Biologists think white nose syndrome kills bats in a couple of ways–first, by covering their faces and wings in a powdery white fungus that makes them itchy, causing them to wake up from hibernation and burn their precious fat reserves. Second, it damages the animals’ sensitive wing membranes, which causes system-wide injury that is still not totally understood. That also hurts their ability to fly.

Bat immune systems try to fight off the fungus, and apparently the system goes into overdrive when hibernating bats wake up. This is called immune reconstitution inflammatory syndrome, or IRIS. It has never been seen before in the wild, and has only been observed once–in AIDS patients.

In people with AIDS, the immune system goes into overdrive after antiretroviral drugs suppress HIV infection and restore a person’s health.
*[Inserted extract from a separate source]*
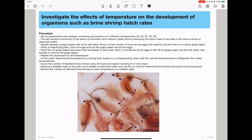We will count the number of hatched brine shrimp every 24 hours and repeat the counting for two more days. We will dissolve a suitable mass of sea salts into a beaker of deionized water and use this to hold the hatched brine shrimp during the counting process. Record the number of hatched brine shrimp at each temperature in a suitable table.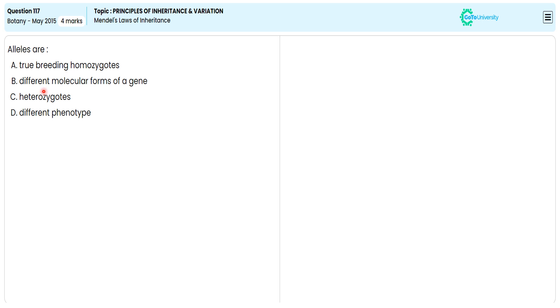In this multiple choice question, from the given options, we need to specify the correct option illustrating alleles. For this, let me explain the allele location and definition.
The immune system then tries to fight off any other underlying infection. In bats, this happens after the animals wake from their winter torpor. During that stage, the immune system is suppressed, which allows the Geomyces destructans fungus to colonize the bats’ skin in the first place. In both cases, the awakened immune system goes out of control and attacks healthy tissue as well as infected cells.

Carol Meteyer, a scientist with the U.S. Geological Survey, noticed the phenomenon while studying sick bats in Wisconsin. “It’s cellular suicide. [The immune system] comes out in a huge wave, going out to those areas of infection and kills everything,” she told the Washington Post. Now she and colleagues at the National Institutes of Health aim to study the similarity between bat and human immune systems, potentially learning how IRIS works in people.

The hypothesis about bat IRIS was published last month in the journal Virulence.